Entity models for trigger-reaction documents

We define the notion of an entity model for a special kind of document popular on the web: an article followed by a list of reactions on that article, usually by many authors, usually inverse chronologically ordered. We call these documents trigger-reactions pairs. The entity model describes which named entities (persons, organizations, locations, products, urls) are mentioned, their type, how often and where they are mentioned, and it lists all variants referring to the same entity. These models find applications in media-analysis, trend watching, entity tracking and marketing. The two main challenges for creating entity models are 1) detecting the entities and 2) normalizing all variants to the same correct canonical form. This task is particularly hard for user generated content on the web, of which our reactions are an example.
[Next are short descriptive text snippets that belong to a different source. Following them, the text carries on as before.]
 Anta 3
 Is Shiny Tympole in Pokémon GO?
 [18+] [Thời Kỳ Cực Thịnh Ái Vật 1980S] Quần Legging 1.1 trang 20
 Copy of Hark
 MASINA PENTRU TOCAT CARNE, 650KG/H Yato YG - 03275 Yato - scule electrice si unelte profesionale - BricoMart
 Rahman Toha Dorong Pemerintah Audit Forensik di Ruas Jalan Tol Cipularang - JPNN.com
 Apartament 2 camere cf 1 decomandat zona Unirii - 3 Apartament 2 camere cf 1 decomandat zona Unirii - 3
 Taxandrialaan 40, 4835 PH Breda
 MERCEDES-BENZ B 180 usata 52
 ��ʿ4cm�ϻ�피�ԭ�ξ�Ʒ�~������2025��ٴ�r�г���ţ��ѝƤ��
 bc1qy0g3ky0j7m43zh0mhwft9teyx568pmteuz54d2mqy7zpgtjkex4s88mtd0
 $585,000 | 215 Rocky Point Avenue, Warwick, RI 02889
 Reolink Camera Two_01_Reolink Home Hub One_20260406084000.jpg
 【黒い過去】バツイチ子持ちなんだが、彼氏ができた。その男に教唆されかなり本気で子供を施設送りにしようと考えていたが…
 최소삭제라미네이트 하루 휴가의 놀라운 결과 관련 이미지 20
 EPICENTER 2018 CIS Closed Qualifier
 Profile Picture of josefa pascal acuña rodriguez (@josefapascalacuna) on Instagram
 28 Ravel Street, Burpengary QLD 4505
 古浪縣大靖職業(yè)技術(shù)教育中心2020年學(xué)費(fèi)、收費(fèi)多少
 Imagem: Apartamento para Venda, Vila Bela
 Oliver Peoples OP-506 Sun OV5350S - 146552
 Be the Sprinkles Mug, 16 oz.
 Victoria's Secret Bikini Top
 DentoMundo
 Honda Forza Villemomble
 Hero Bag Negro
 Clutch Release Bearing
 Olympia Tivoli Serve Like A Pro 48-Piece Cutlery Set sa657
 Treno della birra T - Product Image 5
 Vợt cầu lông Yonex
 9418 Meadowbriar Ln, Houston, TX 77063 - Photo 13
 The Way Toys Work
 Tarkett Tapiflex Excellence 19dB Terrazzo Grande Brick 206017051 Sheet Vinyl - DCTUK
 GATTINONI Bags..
We use an algorithm for named entity recognition and normalization (NEN) tailor-made for trigger-reaction documents. It achieves high recall and reasonable precision by using two simple facts: 1) incomplete entities in reactions often occur complete in the trigger and 2) entities mentioned in news-articles on the web often have a Wikipedia page. This article describes our experience in creating and using entity models on a corpus of 56,449 Dutch trigger-reaction documents, with a total of 616,715 reactions, collected from the web from November 11, 2006 to February 5, 2008. This paper accompanies an earlier article from our group in which the focus was on a systems-evaluation of the NEN algorithm.